Editore: Armando Editore

Genere: Giallo

Pagine: 240

Anno di pubblicazione: 2021

Sinossi. Fausto Colasanti è un cinquantenne che sopravvive facendo piccoli lavori saltuari. È da tutti chiamato Tyson oltre che per l’aspetto, per la sua atavica incapacità a controllare la rabbia. Un compagno d’infanzia, oggi famoso chef, lo segnala per un lavoro al Commendatore Peroni, manager nel campo dell’edilizia. Egli dovrà però trovare un aiutante e per non perdere quella che sembra un’ottima e ultima occasione lavorativa, Tyson proporrà il suo amico Alcide Pennello. Tyson e Alcide saranno i custodi della villa del costruttore per 24 ore al giorno, completamente immersa nel verde del quartiere romano dell’Eur. L’edificio è dotato di un originale sistema antintrusione: una gabbia blindata che imprigiona i ladri permettendo ai custodi di avvertire la Polizia. Ma la durezza di Tyson e l’avventatezza di Pennello, insieme a un crescendo di azioni grottesche e imprevedibili da parte dei tanti altri protagonisti che ruotano attorno alla villa, scateneranno una serie di eventi sorprendenti e carichi di azioni avvincenti.

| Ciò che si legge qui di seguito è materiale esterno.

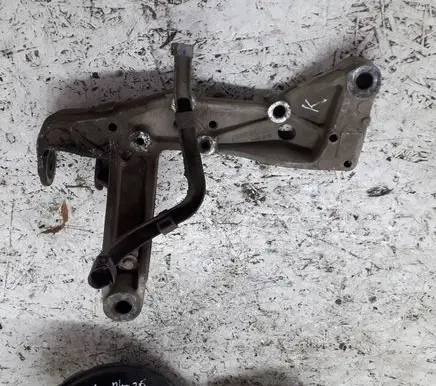 Volkswagen Jetta V Engine mounting bracket 1K01990295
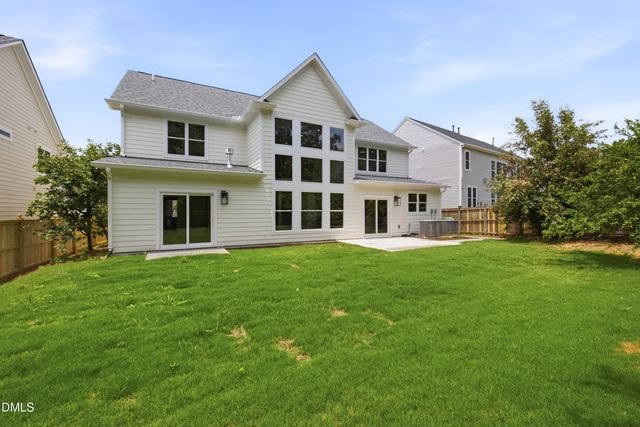 7608 Silver View Lane, Raleigh, NC 27613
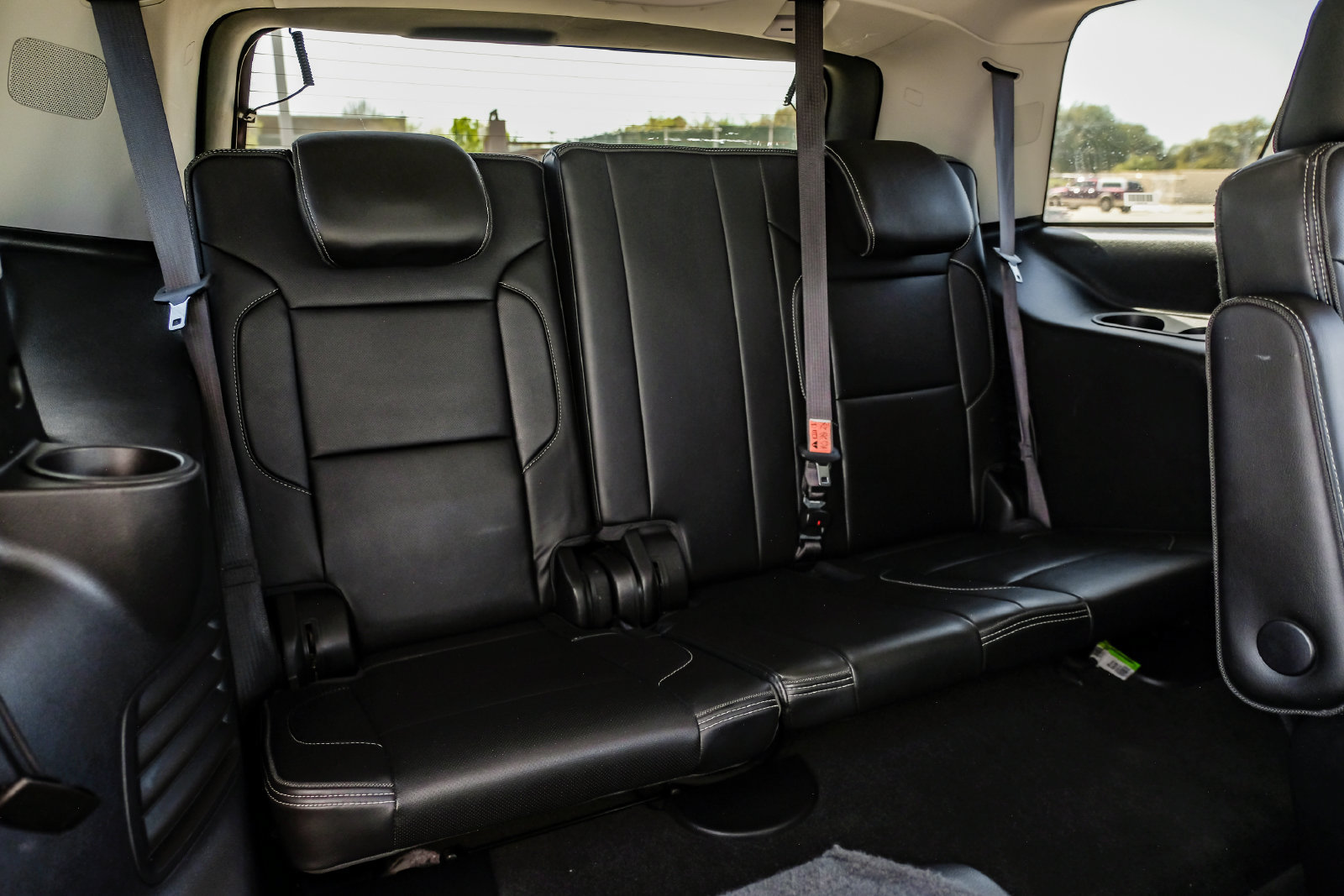 Used 2018 GMC Yukon Denali RWD image 46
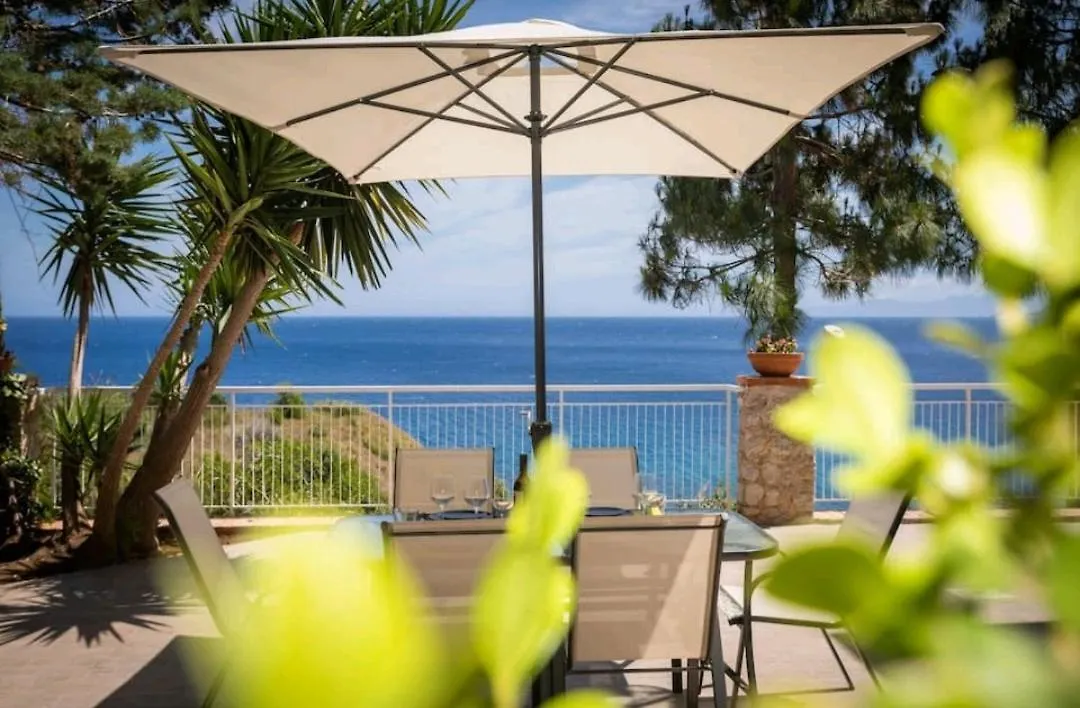 펜션 Villa'S Apartment On The Beach, Swimming Pool A/C 팔레르모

Recensione. La periferia romana è la cornice di questa storia dove molte sono le persone come Tyson, ma pochissime sono quelle che hanno avuto una seconda possibilità.

Tyson se la ritrova addosso una seconda occasione e questa volta l’unico modo che ha per coglierla è non usare la violenza, quella parte del suo carattere che non riesce mai a contenere e che lo ha sempre messo nei guai.

L’inizio è pieno di ripensamenti. Si avverte subito l’incertezza di Tyson quando deve cercare un socio per un lavoro di quattro mesi, le prime due scelte non sono disponibili e solo al terzo tentativo contatta Pennello, ma appena definisce la questione, capisce che forse ha sbagliato persona.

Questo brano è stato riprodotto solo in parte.